Multi-Backend Deployment: Supports PyTriton and multi-instance evaluations using the Ray Serve deployment backend
Comprehensive Evaluation: Includes state-of-the-art evaluation harnesses for academic benchmarks, reasoning benchmarks, code generation, and safety testing
Adapter System: Features a flexible architecture with chained interceptors for customizable request and response processing
Production-Ready: Supports high-performance inference with CUDA graphs and flash decoding
Multi-GPU and Multi-Node Support: Enables distributed inference across multiple GPUs and compute nodes
OpenAI-Compatible API: Provides RESTful endpoints aligned with OpenAI API specifications

🔧 Install NeMo Eval

Prerequisites

Python 3.10 or higher
CUDA-compatible GPU(s) (tested on RTX A6000, A100, H100)
NeMo Framework container (recommended)

Recommended Requirements

Python 3.12
PyTorch 2.7
CUDA 12.9
Ubuntu 24.04

Use pip

For quick exploration of NeMo Eval, we recommend installing our pip package:

pip install torch==2.7.0 setuptools pybind11 wheel_stub  # Required for TE
pip install --no-build-isolation nemo-eval

Use Docker

For optimal performance and user experience, use the latest version of the NeMo Framework container. Please fetch the most recent $TAG and run the following command to start a container:

docker run --rm -it -w /workdir -v $(pwd):/workdir \
  --entrypoint bash \
  --gpus all \
  nvcr.io/nvidia/nemo:${TAG}

Use uv

To install NeMo Eval with uv, please refer to our Contribution guide.

🚀 Quick Start

1. Deploy a Model

from nemo_eval.api import deploy

# Deploy a NeMo checkpoint
deploy(
    nemo_checkpoint="/path/to/your/checkpoint",
    serving_backend="pytriton",  # or "ray"
    server_port=8080,
    num_gpus=1,
    max_input_len=4096,
    max_batch_size=8
)

2. Evaluate the Model

from nvidia_eval_commons.core.evaluate import evaluate
from nvidia_eval_commons.api.api_dataclasses import ApiEndpoint, EvaluationConfig, EvaluationTarget

# Configure evaluation
api_endpoint = ApiEndpoint(
    url="http://0.0.0.0:8080/v1/completions/",
    model_id="megatron_model"
)
target = EvaluationTarget(api_endpoint=api_endpoint)
config = EvaluationConfig(type="gsm8k", output_dir="results")

# Run evaluation
results = evaluate(target_cfg=target, eval_cfg=config)
print(results)

📊 Support Matrix

Checkpoint Type	Inference Backend	Deployment Server	Evaluation Harnesses Supported
NeMo FW checkpoint via Megatron Core backend	Megatron Core in-framework inference engine	PyTriton (single and multi node model parallelism), Ray (single node model parallelism with multi instance evals)	lm-evaluation-harness, simple-evals, BigCode, BFCL, safety-harness, garak

🏗️ Architecture

Core Components

1. Deployment Layer

PyTriton Backend: Provides high-performance inference through the NVIDIA Triton Inference Server, with OpenAI API compatibility via a FastAPI interface.

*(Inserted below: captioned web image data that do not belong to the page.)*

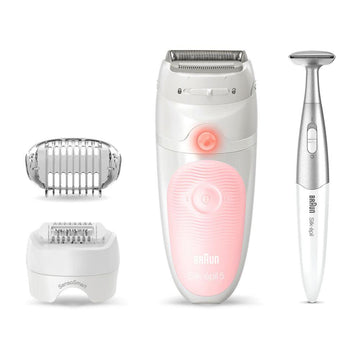 Silk-Épil 5 5-820 Epilator For Women For Gentle Hair Removal, White/Pink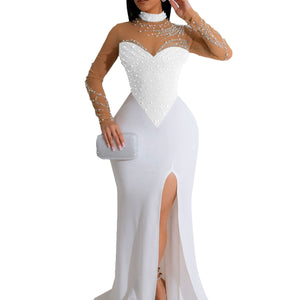 Women's Rhinestone Pearl See-through Waist-tight Stretch Split Dress
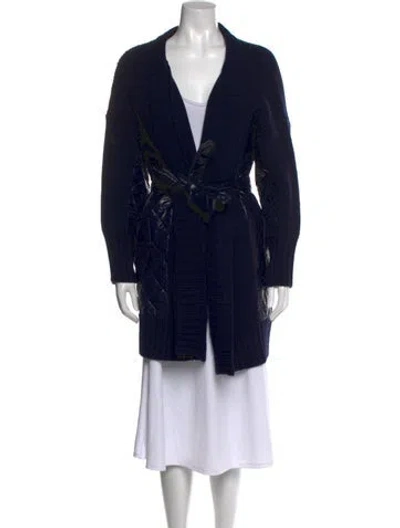 Pre-owned Weekend Max Mara Open Front Sweater In Blue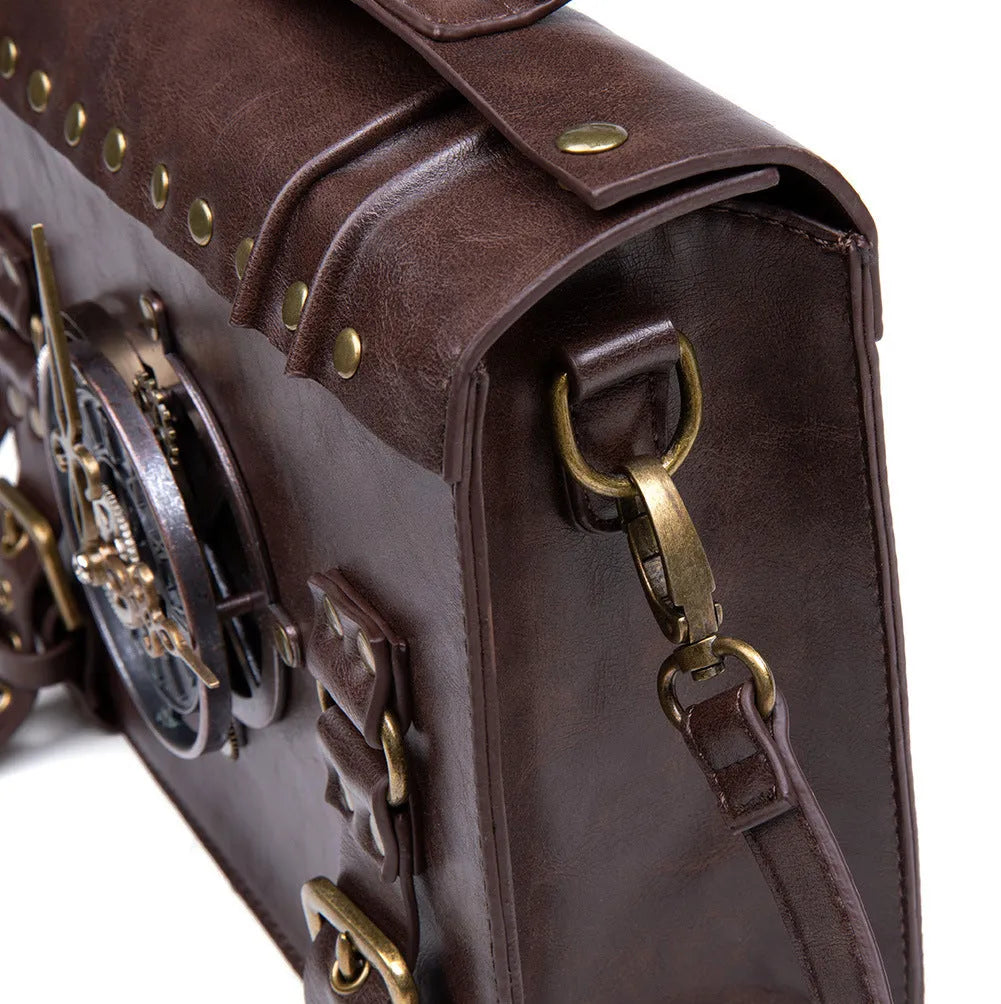 Bronze steampunk industrial retro shoulder bag with horizontal square pillow design and metal accents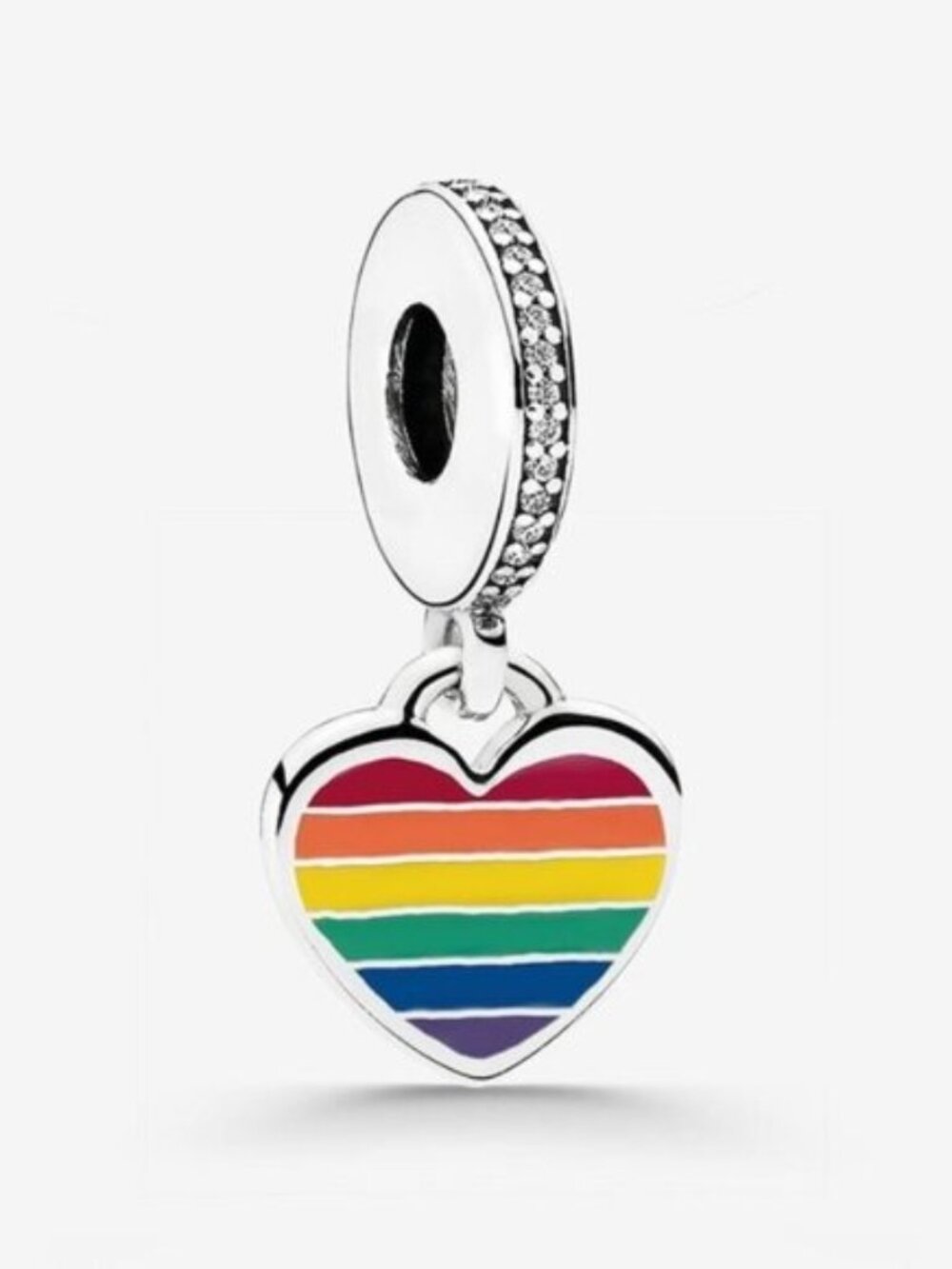 Pandora Rainbow Stripe Heart Dangle Charm - Multicolor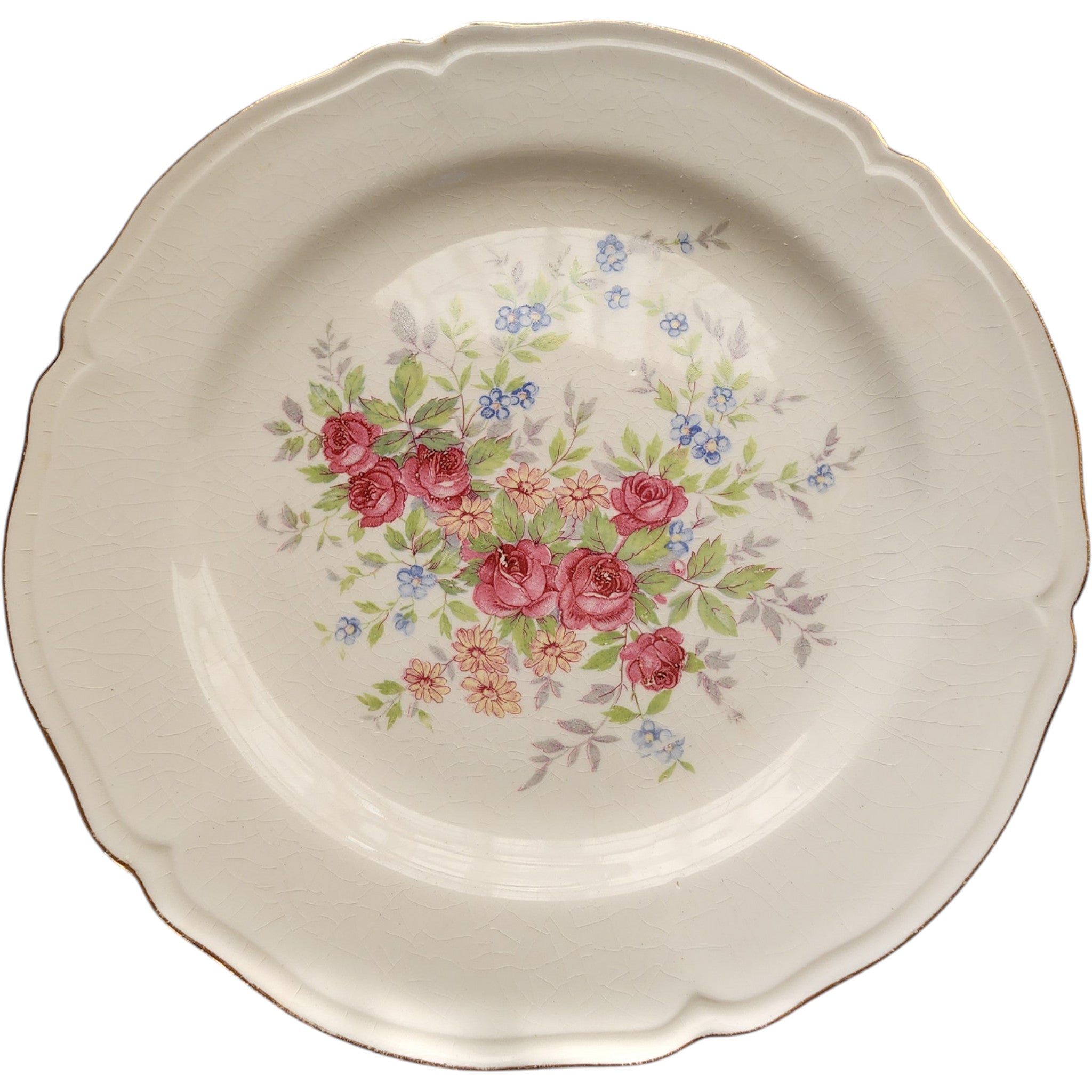 Edwin M. Knowles Semi-Vitreous Floral Salad/Dessert Plates Set of 4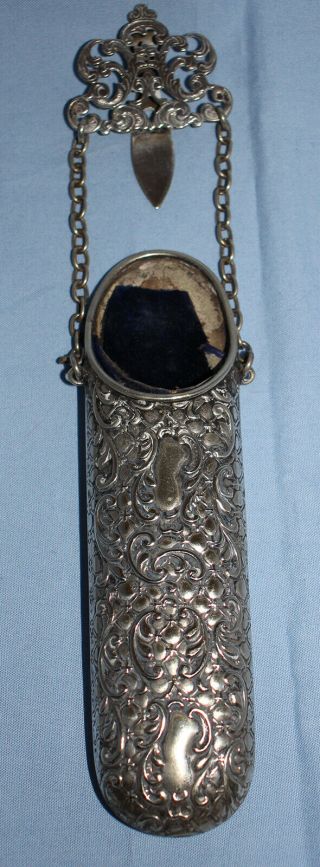Exquisite Antique Victorian Silver Plate Spectacle Case & Chatelaine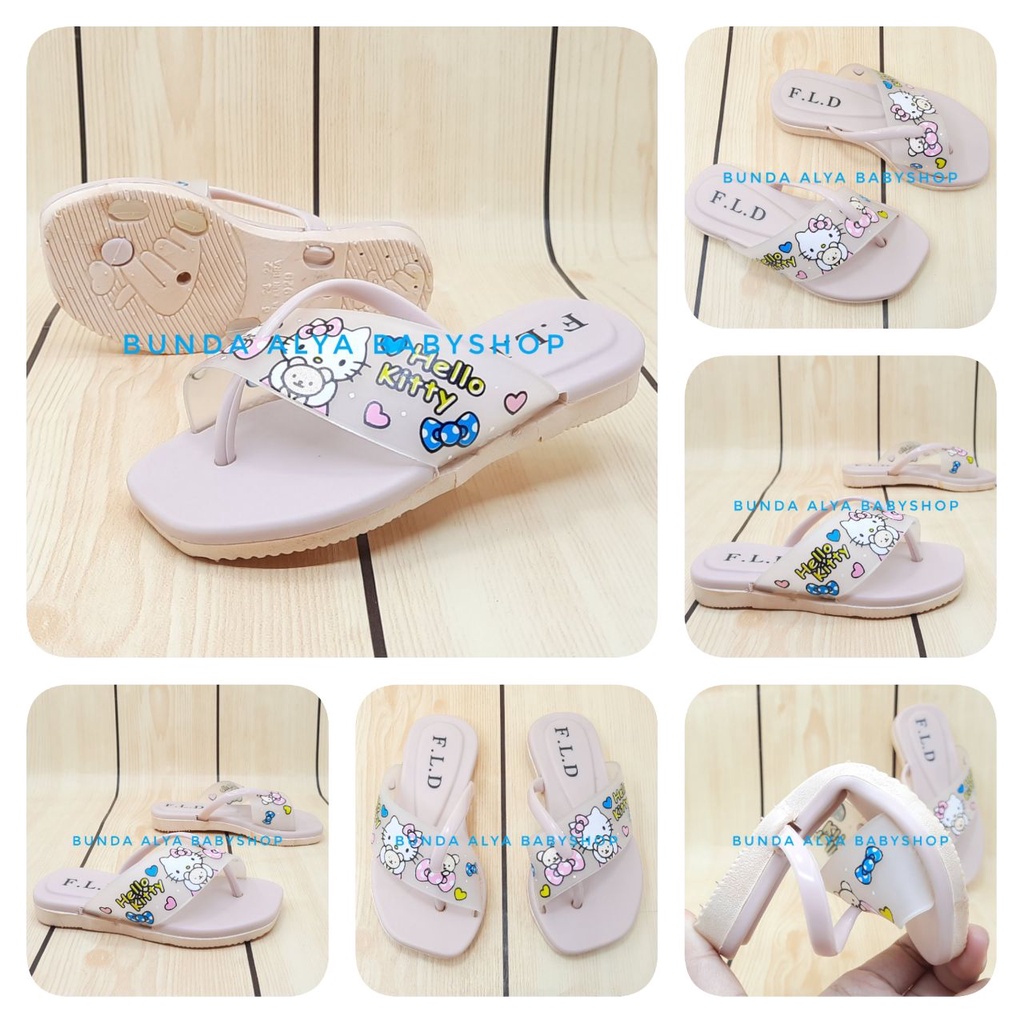 Sendal Anak Perempuan Umur 1- 6 Tahun Elastis Kartun Lucu PINK Sandal Anak Cewek Alas Karet Anti Licin Nyaman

Supports model parallelism across single-node and multi-node configurations. Note: Multi-instance evaluation is not supported.
Ray Backend: Enables multi-instance evaluation with model parallelism on a single node using Ray Serve, while maintaining OpenAI API compatibility. Multi-node support is coming soon.

2. Evaluation Layer

NVIDIA Eval Factory: Provides standardized benchmark evaluations using packages from NVIDIA Eval Factory, bundled in the NeMo Framework container. The lm-evaluation-harness is pre-installed by default, and additional tools listed in the support matrix can be added as needed. For more information, see the documentation.
Adapter System: Flexible request/response processing pipeline with Interceptors that provide modular processing:
- Available Interceptors: Modular components for request/response processing
  - SystemMessageInterceptor: Customize system prompts
  - RequestLoggingInterceptor: Log incoming requests
  - ResponseLoggingInterceptor: Log outgoing responses
  - ResponseReasoningInterceptor: Process reasoning outputs
  - EndpointInterceptor: Route requests to the actual model

📖 Usage Examples

Basic Deployment with PyTriton as the Serving Backend

from nemo_eval.api import deploy

# Deploy model
deploy(
    nemo_checkpoint="/path/to/checkpoint",
    serving_backend="pytriton",
    server_port=8080,
    num_gpus=1,
    max_input_len=8192,
    max_batch_size=4
)

Basic Evaluation

from nvidia_eval_commons.core.evaluate import evaluate
from nvidia_eval_commons.api.api_dataclasses import ApiEndpoint, ConfigParams, EvaluationConfig, EvaluationTarget
# Configure Endpoint
api_endpoint = ApiEndpoint(
    url="http://0.0.0.0:8080/v1/completions/",
    model_id="megatron_model"
)
# Evaluation target configuration
target = EvaluationTarget(api_endpoint=api_endpoint)
# Configure EvaluationConfig with type, number of samples to evaluate on, etc.
config = EvaluationConfig(type="gsm8k",
            output_dir="results",
            params=ConfigParams(
                    limit_samples=10
                ))

# Run evaluation
results = evaluate(target_cfg=target, eval_cfg=config)

Use Adapters

The example below demonstrates how to configure an Adapter to provide a custom system prompt. Requests and responses are processed through interceptors, which are automatically selected based on the parameters defined in AdapterConfig.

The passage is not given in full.